Albemarle County Board of Supervisors White Hall District representative Ann Mallek has announced that she will run one last time for re-election to the board this fall. Mallek is currently serving her fourth consecutive term as supervisor after having been first elected in 2007. At a campaign re-election announcement event on February 18 at the Crozet Library, about 30 constituents and reporters listened to her case for why she’s still the right woman for the job.
“I’m an effective representative with strong convictions and understanding of the community and its history, and a record of advocacy on which people can rely,” said Mallek. “While we should not live in the past, my institutional memory is important. We must focus on needed improvements while keeping our community feel and character.”
Mallek noted that many top issues in 2023 are reminiscent of those back in 2007. “Residents worry about rapid residential development, increasing population, and community services which have not kept up—from missing sidewalks, to playgrounds and parks, to the cost of housing,” she said. “But our place matters. The sense of belonging to the community is directly tied to our sense of place. Longtime residents worry about the loss of community they know and love, new residents do their research before coming here and count on local government to follow its adopted values. We must do better.”
Mallek said that for effective planning to happen, all citizens need to consider how the county will grow. “Rapid growth may make some sectors of the economy wealthy, but leaves residents paying the [tax] bills and suffering the impacts,” she said. “We all have a stake in these decisions. Safety, opportunity and prosperity are all interconnected. One example: our economy cannot prosper without trained and capable workers, who cannot be trained without learning effective critical thinking skills, who cannot work here without access to housing within their means, who cannot get to work here without transportation infrastructure.
“So, what is our community’s future and how do we get there?” Mallek continued. “Debate will surely continue about the growth area boundary, as it has since 1980 when it was created. Our urban surfaces growth area is limited to 5% of the county [land mass]. Understand that expanding services costs a fortune. Thus, the growth area limits make financial as well as environmental sense. We must oppose decisions to allow sprawl and neighborhoods into the rural area when they don’t have any accompanying urban amenities such as water, sewer and sidewalks.”
As an example of necessary infrastructure, Mallek lauded the library building itself. “It is great to be standing in this space,” she said. “This library was put on the books in 1988 and we finally got it open 2013. It was a very, very big deal for the county and for the residents of this Crozet growth area, which has grown as you know from 2,500 residents in 2005 to over 10,000 today. So, the people are already here, now the services need to follow ASAP.”

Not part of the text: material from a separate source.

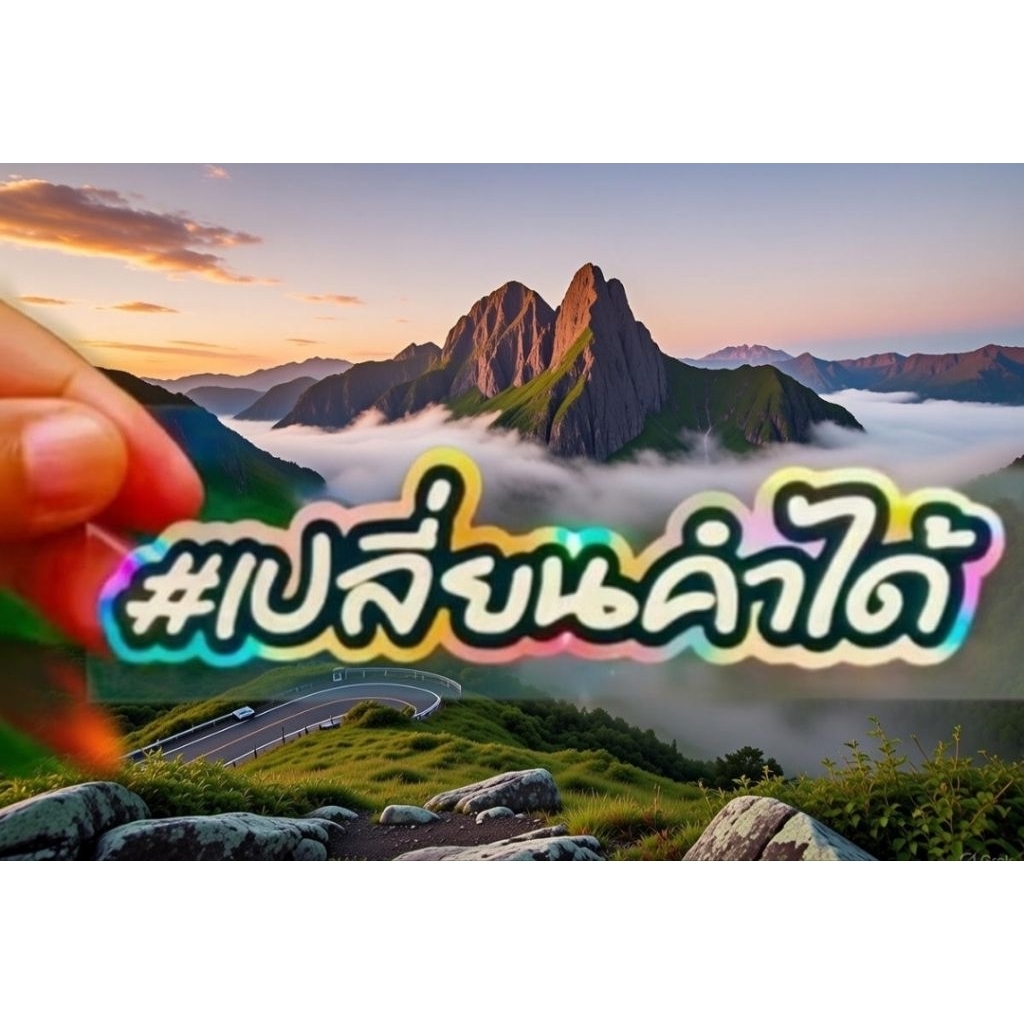 สติ๊กเกอร์ เปลี่ยนคำตามสั่งได้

On the sidewalk outside the library during the event, a half-dozen protestors held signs advocating governmental policy prescriptions, such as “Practice Budget Restraint,” “Lower the Tax Rate,” “Bring Back Transparency,” and “Excellence in Schools,” along with “Retire Ann Mallek.” Among them was John Lowry, who ran for supervisor of the Samuel Miller district against Liz Palmer in 2017 and lost.
“I am a Republican, but these others here are just concerned Crozet citizens who wanted to hold signs today,” said Lowry. “I’m willing to participate, and we’re just offering another point of view. It’s been surprising as we’re standing here, there have been lots of people that absolutely agree with us and want to tell us about it. [These issues are] on their mind.”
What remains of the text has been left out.